Polizeiblockade der CHP-Zentrale im Istanbuler Stadtteil Sariyer.
Özel droht Absetzung
Grund für die Polizeiblockade: Vergangene Woche hat ein türkisches Gericht den Chef der CHP Istanbul wegen Bestechungsvorwürfen seines Amtes enthoben; ein von Gericht bestellter Zwangsverwalter hätte im Laufe des Montags seine Arbeit aufnehmen sollen. Ähnliches haben seit der Absetzung und Inhaftierung des Istanbuler Bürgermeisters Ekrem İmamoğlu Mitte März Dutzende CHP-Kleinstadtbürgermeister erlebt. Und könnte Gerüchten zufolge auch dem CHP-Vorsitzenden Özgür Özel, dem aktuell mächtigsten Mann in der CHP, drohen, indem seine Wahl beim Parteitag 2023 wegen vermeintlicher Unregelmäßigkeiten für ungültig erklärt würde. Das Gerichtsverfahren ist für nächsten Montag, 15. September, angesetzt.

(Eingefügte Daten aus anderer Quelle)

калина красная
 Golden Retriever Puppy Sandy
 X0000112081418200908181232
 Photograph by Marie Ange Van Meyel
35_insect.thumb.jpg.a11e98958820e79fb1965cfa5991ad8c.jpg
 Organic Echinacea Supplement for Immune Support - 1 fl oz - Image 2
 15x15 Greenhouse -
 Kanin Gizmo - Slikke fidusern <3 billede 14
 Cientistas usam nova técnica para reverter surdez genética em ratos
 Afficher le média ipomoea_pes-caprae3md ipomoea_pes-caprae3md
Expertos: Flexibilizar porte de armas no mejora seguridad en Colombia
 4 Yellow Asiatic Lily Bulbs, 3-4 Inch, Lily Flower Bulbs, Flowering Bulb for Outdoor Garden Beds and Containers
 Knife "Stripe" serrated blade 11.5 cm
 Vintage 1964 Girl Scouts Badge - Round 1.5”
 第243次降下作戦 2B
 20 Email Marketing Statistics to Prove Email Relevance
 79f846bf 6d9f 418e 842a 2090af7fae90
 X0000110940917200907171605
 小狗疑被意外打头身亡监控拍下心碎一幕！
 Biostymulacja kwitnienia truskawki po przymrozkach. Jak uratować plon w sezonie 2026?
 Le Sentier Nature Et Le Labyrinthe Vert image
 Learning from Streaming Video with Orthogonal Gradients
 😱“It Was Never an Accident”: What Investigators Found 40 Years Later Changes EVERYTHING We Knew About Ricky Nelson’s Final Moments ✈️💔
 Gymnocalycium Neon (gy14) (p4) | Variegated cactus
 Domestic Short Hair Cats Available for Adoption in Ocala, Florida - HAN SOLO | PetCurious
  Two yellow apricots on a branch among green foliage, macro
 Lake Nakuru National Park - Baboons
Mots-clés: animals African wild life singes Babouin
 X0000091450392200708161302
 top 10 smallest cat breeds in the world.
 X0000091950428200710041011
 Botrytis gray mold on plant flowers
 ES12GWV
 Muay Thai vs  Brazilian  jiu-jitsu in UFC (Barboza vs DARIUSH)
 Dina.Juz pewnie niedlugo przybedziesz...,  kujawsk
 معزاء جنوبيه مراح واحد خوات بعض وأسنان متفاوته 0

Es ist der Versuch von Präsident Recep Tayyip Erdoğan, die größte Oppositionspartei der Türkei auf juristischem, jedoch verfassungswidrigem Wege zu entmachten. Für Wahlen ist die Oberste Wahlkommission zuständig. Die hat die fraglichen Wahlen jedoch genehmigt, und die Fristen für Einsprüche sind abgelaufen. Der türkische Innenminister warf der CHP vor, "Gerichtsurteile zu ignorieren" und "durch Aufrufe öffentliche Ausschreitungen" zu provozieren. Bis Mittwoch wurde ein Demonstrationsverbot in mehreren Bezirken der Stadt verhängt. Der APA zufolge wurde der Zugang zu zahlreichen Online-Plattformen in der Türkei eingeschränkt.

Der aktuelle CHP-Vorsitzende Özgür Özel.
Neuer Prozess gegen İmamoğlu
Während İmamoğlu wegen zahlreicher Verfahren seit Monaten im Hochsicherheitsgefängnis in Silivri sitzt, haben seine Anhänger weiter demonstriert – auch ohne Aufmerksamkeit der westlichen Medien. Zwar riss die Intensität der Proteste über den Sommer ab, doch selbst im traditioneller geprägten Osten des Landes, etwa in der Erdoğan-Hochburg Yozgat, wurde mit Traktoren gegen das Vorgehen der Regierung demonstriert.
Gegen İmamoğlu beginnt am Donnerstag ein weiterer Prozess, in dem ihm die Fälschung eines Universitätsdiploms vorgeworfen wird. Laut Medienberichten droht ihm bei Aberkennung seines Studiums eine Verlängerung der Haftstrafe auf zehn Jahre sowie eine Politiksperre.

Demo für die Freilassung İmamoğlus.
Rückkehr des Wahlverlierers
Umfragen sehen İmamoğlu deutlich vor Erdoğan, die CHP hält trotz seiner Haft an ihm als Präsidentschaftskandidat für 2028 fest. Doch auch Özel, der dem Umfeld İmamoğlus zugeordnet werden kann, hat während der Proteste an Beliebtheit dazugewonnen – und ist deswegen in den Augen des türkischen Präsidenten gefährlicher geworden. Noch vor wenigen Woche hatte Özel gegenüber Medien erklärt, er sei bereit, mit der nationalistischen Kleinpartei MHP, die Erdoğans Regierung unterstützt, am kurdischen Friedensprozess zusammenzuarbeiten – das wäre ein Meilenstein in der türkischen Politik.
Sollte Özel wirklich abgesetzt werden, so mutmaßen Beobachter, habe der erfolglose CHP-Präsidentschaftskandidat der letzten Wahl, Kemal Kılıçdaroğlu, gute Chancen auf eine Rückkehr; die der CHP auf einen Sieg bei demokratischen Wahlen könnten jedoch drastisch sinken: Kılıçdaroğlu gehört einem anderen Lager an als İmamoğlu und Özel, gilt in seiner Partei als unbeliebt. Die CHP in ihrem bisher wichtigsten Überlebenskampf zu einen, dürfte ihm kaum gelingen.